PROBLEM TO WORK ON: Search the entries for the word "with". Copy every line that holds it.

EXTRACTED ENTRIES:
"""

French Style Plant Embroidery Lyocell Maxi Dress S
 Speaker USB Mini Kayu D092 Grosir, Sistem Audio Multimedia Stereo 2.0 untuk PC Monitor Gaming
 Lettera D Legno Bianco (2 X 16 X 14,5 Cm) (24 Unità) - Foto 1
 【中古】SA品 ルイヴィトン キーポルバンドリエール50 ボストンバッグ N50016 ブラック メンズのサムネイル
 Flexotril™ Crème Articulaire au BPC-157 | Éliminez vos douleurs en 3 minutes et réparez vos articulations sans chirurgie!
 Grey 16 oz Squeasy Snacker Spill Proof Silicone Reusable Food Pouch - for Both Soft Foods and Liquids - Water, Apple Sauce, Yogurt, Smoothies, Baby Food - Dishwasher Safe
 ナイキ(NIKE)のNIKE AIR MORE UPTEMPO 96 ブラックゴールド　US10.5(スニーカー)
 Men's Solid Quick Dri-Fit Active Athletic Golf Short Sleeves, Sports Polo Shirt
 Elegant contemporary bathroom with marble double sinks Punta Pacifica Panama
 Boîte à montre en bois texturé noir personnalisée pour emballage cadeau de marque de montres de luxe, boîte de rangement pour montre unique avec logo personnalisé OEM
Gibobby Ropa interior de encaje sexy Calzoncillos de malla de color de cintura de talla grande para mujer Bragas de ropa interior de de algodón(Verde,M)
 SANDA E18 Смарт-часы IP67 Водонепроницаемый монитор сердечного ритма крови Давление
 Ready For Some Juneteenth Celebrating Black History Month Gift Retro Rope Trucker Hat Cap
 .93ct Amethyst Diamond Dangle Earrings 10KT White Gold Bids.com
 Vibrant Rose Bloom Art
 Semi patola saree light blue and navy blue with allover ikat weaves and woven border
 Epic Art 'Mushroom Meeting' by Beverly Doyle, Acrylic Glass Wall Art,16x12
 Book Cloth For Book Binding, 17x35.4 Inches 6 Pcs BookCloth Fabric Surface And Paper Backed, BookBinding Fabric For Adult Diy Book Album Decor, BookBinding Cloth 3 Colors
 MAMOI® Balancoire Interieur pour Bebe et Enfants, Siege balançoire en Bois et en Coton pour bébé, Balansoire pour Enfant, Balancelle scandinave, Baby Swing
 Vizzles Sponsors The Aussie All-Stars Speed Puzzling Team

"""

WRITTEN ANSWER:
 Elegant contemporary bathroom with marble double sinks Punta Pacifica Panama
 Semi patola saree light blue and navy blue with allover ikat weaves and woven border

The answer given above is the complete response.